:: DATA TO USE

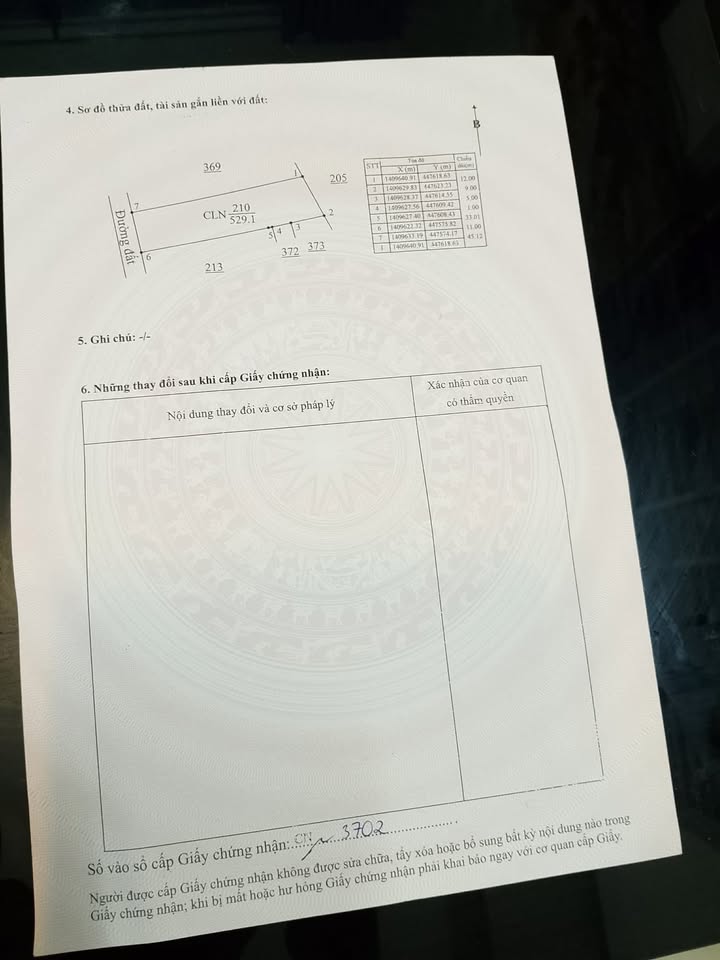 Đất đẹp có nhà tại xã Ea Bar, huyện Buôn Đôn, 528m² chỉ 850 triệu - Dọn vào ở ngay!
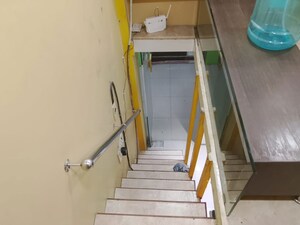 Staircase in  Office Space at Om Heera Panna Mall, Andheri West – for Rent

::::
:: DATA TO USE

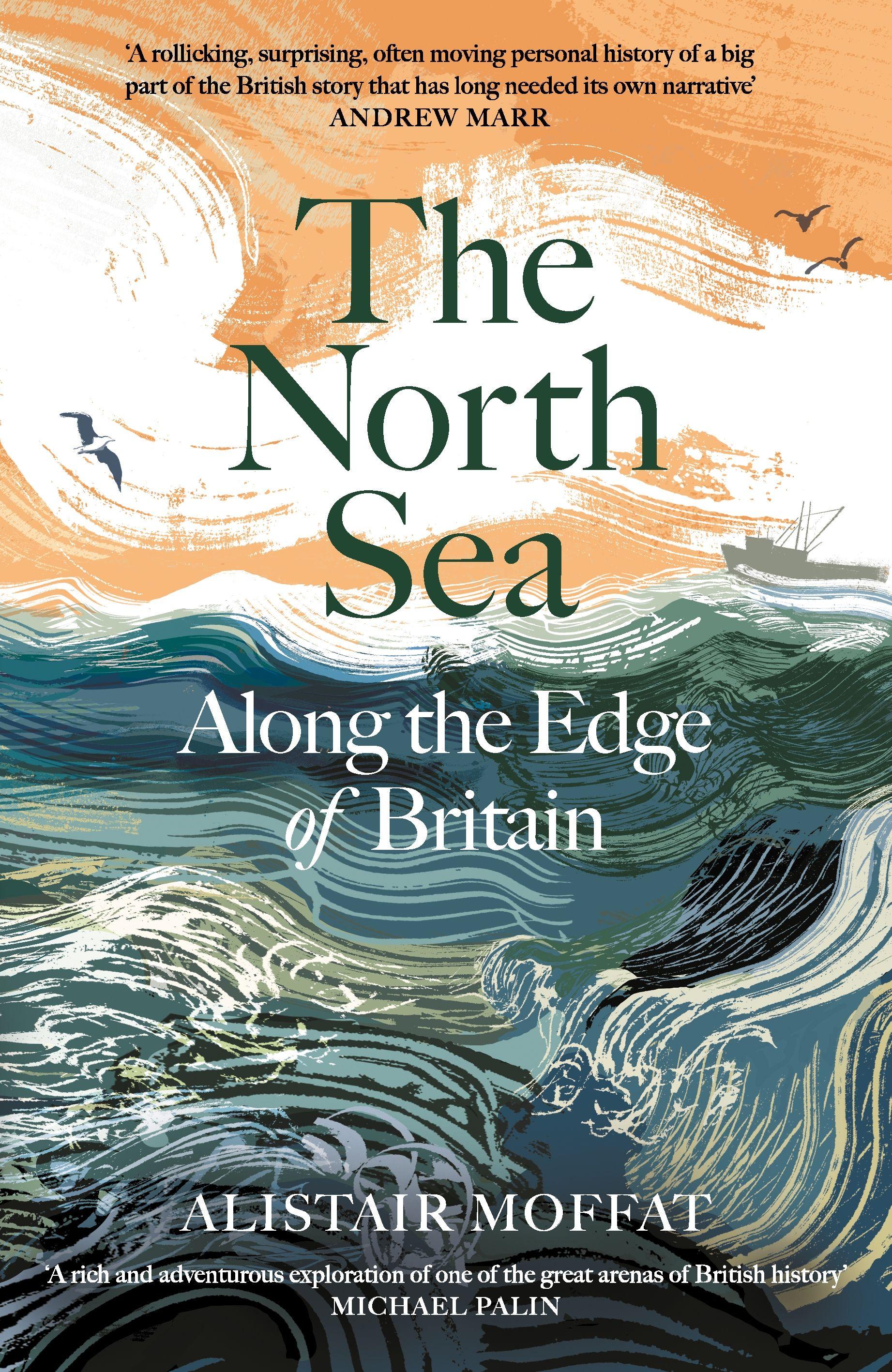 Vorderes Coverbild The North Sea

::::
:: DATA TO USE

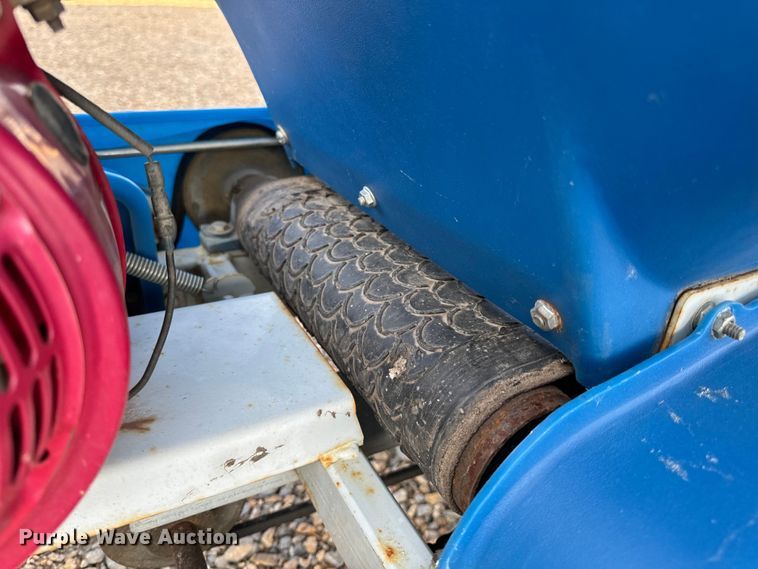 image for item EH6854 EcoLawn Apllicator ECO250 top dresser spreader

::::

WHAT IS EXPECTED => In the entries above, every line from the line with "Đất đẹp có nhà" to the line with "West – for Rent" is to be printed exactly, with both ends included and pictures excluded.

SOLVED PROBLEM =>
 Đất đẹp có nhà tại xã Ea Bar, huyện Buôn Đôn, 528m² chỉ 850 triệu - Dọn vào ở ngay!
 Staircase in  Office Space at Om Heera Panna Mall, Andheri West – for Rent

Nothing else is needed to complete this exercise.